Conclusion: We described the phenomenon of unawareness to hypoglycemia in the patients with insulinoma. This has not been recognized in insulinoma patients yet since available evidence mostly relates to type I diabetic patients. It might lead to higher morbidity and diagnostic delay. Further studies with prospective evaluation should be performed to further confirm relatively high prevalence in patients with insulinoma.

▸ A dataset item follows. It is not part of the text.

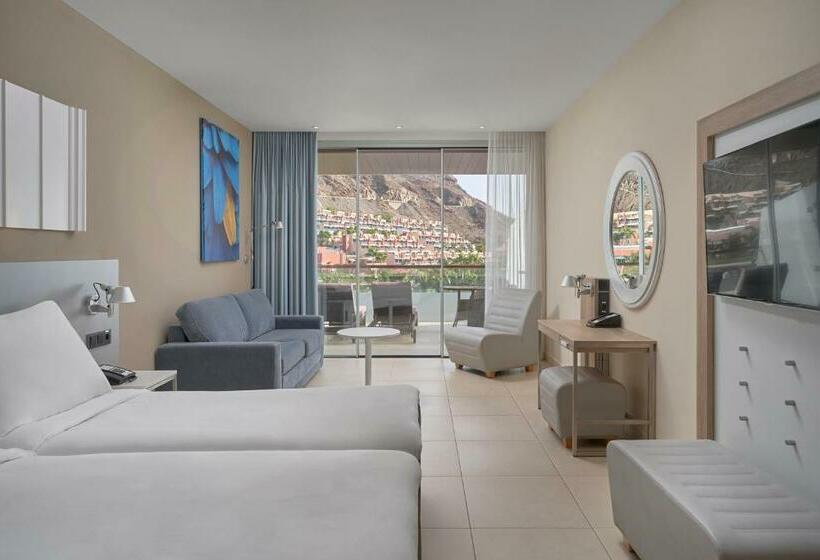 اتاق سوپریور با چشم‌انداز استخر, Radisson Blu Resort & Spa, Gran Canaria Mogan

导言胰岛素瘤是一种罕见的胰腺神经内分泌肿瘤。临床表现包括各种低血糖症状,这是胰岛素分泌过多的结果。低血糖的症状多种多样,这很可能是导致诊断延误的原因。在这项研究中,我们对低血糖的临床特征进行了回顾性评估。我们发现,相当多的患者对低血糖症一无所知:我们对前瞻性收集的经组织学证实的胰岛素瘤患者进行了回顾性分析。我们评估了低血糖的临床特征和体征以及症状持续时间,并对患者档案进行了全面审查,以确定患者之前是否曾被误诊。每位患者都接受了 72 小时的空腹测试,在测试过程中获得了免疫反应性胰岛素(IRI)、C 肽和最低血糖水平。根据临床发现和 72 小时空腹测试结果,我们确定了一个低血糖无意识患者亚群。这些患者曾发生过临床上无症状的低血糖。我们比较了无低血糖意识组和无低血糖意识组在空腹测试终止时获得的 IRI 和 C 肽水平:分析对象包括在本三级医疗中心住院治疗的 22 名胰岛素瘤患者。平均年龄为 51±16.7 岁。63.6%的患者报告的最常见症状是疲劳,其次是食欲增加导致体重增加和意识丧失,这两种症状均有40.9%的患者报告。根据临床特征和空腹测试结果,我们确定了一组低血糖无意识症患者。如果患者在个人病史中出现意识丧失、无症状性低血糖或在空腹测试中出现严重的神经性低血糖症状,但没有任何伴随或先兆临床症状,我们就会给患者贴上相应的标签。我们的队列中有 7 名低血糖无意识患者(31.8%)。与其他患者相比,有这种现象的患者的 IRI(2.35±1.25 vs. 5.88±3.92ng/ml,p=0.01)和 C 肽(9.14±7.36 vs. 50±42.8 µU/ml,p=0.01)水平明显较低。无意识组与其他患者在空腹测试期间的原始血糖水平无明显差异(9.4±8.2 vs. 12.2±8.2个月,P=0.28):我们描述了胰岛素瘤患者对低血糖不自知的现象。由于现有证据大多与 I 型糖尿病患者有关,因此这种现象尚未在胰岛素瘤患者中得到认可。这可能会导致更高的发病率和诊断延误。应进一步开展前瞻性评估研究,以进一步确认胰岛素瘤患者中相对较高的患病率。